A miller, who had thrived so well
That he had got an ass to sell,
Set forth, one morning, for the fair,
Attended by his youthful heir,
While, trudging on with solemn mien,
The precious donkey walked between.
At length they meet upon the way
Some fellows, less polite than gay,
Who laugh, as if they'd split their sides,
That neither son nor father rides.
The hint suffices; in a crack
The boy bestrides the donkey's back,
When, presently, three merchants came
Along the road, who all exclaim:
"Get off, you lout! you selfish clod,
To let your aged father plod
On foot, while you the ass bestride;
Dismount, and let your father ride!"
The Miller does as they desire,
Down comes the son, up gets the sire,
And so they go until they meet
A group of damsels in the street,
Who, all in chorus, scream and shout:
"For shame! that one so big and stout
Should ride at ease without a care
About his young and tender heir."
"Gad!" says the Miller, "their advice
Seems mainly wise;" and in a trice
(Though Jack esteems it hardly kind)
He bids the lad get up behind.
Alas! the world is hard to suit;
The Miller now is called a brute
By all he meets upon the road
Who mark the donkey's double load.
In sooth, the Miller and his heir
Were quite as much as he could bear,
And so, at length, the careful twain
Took up the weary ass amain,
And to the mirth of all beholders,
Bore off the beast upon their shoulders.
Alas! for all the weight they bore,
They still were censured as before;
The captious rabble followed after
With sneers, and jests, and shouts of laughter.

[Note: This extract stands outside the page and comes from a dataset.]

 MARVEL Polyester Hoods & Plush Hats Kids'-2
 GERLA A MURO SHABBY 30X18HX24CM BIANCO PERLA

"The biggest ass," one fellow said,
"Is clearly not the quadruped!"
Another mockingly advised
To have a pet so highly prized
Kept in the parlor from the cold,
Or, for a breastpin, set in gold.
Stunned with the clamor of their mirth,
He drops the donkey to the earth,
"Zooks! they are right," he sighs "Alas!
'T is clear enough I am an ass,
As stupid as this shaggy brute,
Essaying thus all minds to suit.
Egad! despite each meddling elf,
I'll try henceforth to please myself."